→ EXERCISE BRIEF: Restate verbatim the span of lines below between the line with "MSR Gryfia przecholowała" and the line with "Ebrard dijo que", including those two lines, and only that span.
++++ LISTED RECORDS
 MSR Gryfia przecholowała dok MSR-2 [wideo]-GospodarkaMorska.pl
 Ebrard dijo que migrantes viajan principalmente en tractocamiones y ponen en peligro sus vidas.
++++++++
++++ LISTED RECORDS
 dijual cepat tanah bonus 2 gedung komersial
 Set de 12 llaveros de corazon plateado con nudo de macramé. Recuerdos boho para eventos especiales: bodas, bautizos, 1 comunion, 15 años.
++++++++
→ RESULT BELOW:
 MSR Gryfia przecholowała dok MSR-2 [wideo]-GospodarkaMorska.pl
 Ebrard dijo que migrantes viajan principalmente en tractocamiones y ponen en peligro sus vidas.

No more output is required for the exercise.